Closed Elhl93 closed 4 years ago

Elhl93 commented 4 years ago

Hi,

I have a huge single-cell dataset (>600k cells) from different animals and different conditions/timepoints. After filtering, I have ~15k genes to work with.

Although I work on a HPC, but as the dataset is quite big, I need to split it in chunks as it will improve runtime (referring to #99 ). As I have no pre-made lists as in post #99 , I need to run GRNBoost2 and cisTarget.

I did a trial in which I took one celltype, split it in 2 chunks each 40k cells with an overlap of ~10k cells. My goal was to understand wether the identified RSS scores in both 10k chunks are identical - or wether the score is relative depending on the other cells in the dataset.

  1. Do you recommend to split the dataset by sample (the dataset comprises >100 samples), or e.g. by celltype (we detect 15 celltypes), condition? - If the results depend on other cells in the dataset.
  2. By correlating the RSS scores of the above described 10k cells I got a r=0.51. Is that expected? You described that there is variability due to the probabilistic nature of GRNboost2. Do you recommend then running it multiple times (e.g. n=5) and only consider e.g. the reoccuring top 20?

Thanks for your thoughts!

cflerin commented 4 years ago

Hi @Elhl93 ,

Interesting question, and I think you have the right idea about downsampling. If you have a few conditions/timepoints, normally I would run these separately, and then also run the combined full dataset. But with a dataset this large, if you try to use the full 600k cells, it will take quite some time to run the GRNBoost2 step -- probably on the order of days to weeks, even on an HPC with many cores. So I think first, I would run the conditions separately, downsampling to maybe 100k cells if necessary. Splitting it by cell type isn't a good approach because it makes it harder to pick out TFs/regulons that are differential across cell types. This could be a reason that your RSS correlation is "low". Running the conditions separately will already give a good idea of the regulons present in your datasets.
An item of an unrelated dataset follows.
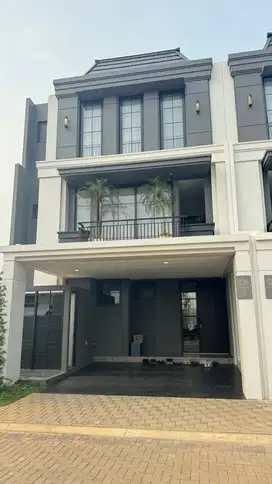 RUMAH 3 LANTAI DEKAT TOL CLUSTER ARMONT SINARMAS LAND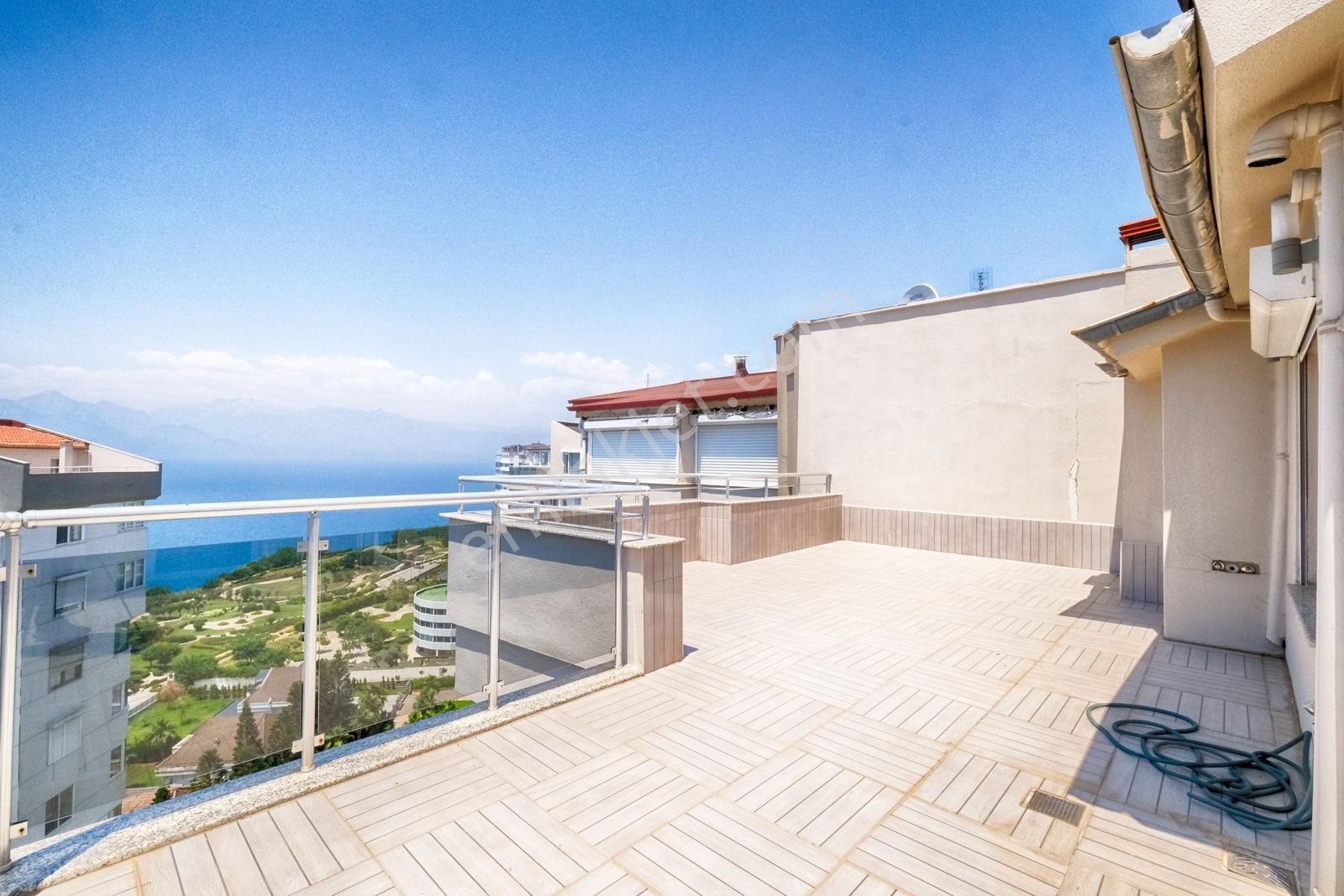 Çağrı Emlak'tan Hacı Çalık Sit. Deniz Manzaralı 4+1 Çatı Dubleks - Görsel 25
Then you can decide if running the full dataset is worth the computation time. I would start with a random 100k cells on the combined data first. Then if you find something particularly interesting, like a few regulons, you could run the full dataset, and only specify those TFs as an input (for instance).

In general, running multiple times is helpful for refining the list of regulons and target genes, but there could be an issue in computation time with your dataset and I don't think it would affect RSS all that much unless you really aggressively prune the target genes. It's more likely that the differences in RSS are based on the definition (cell composition) of the clusters that you're comparing.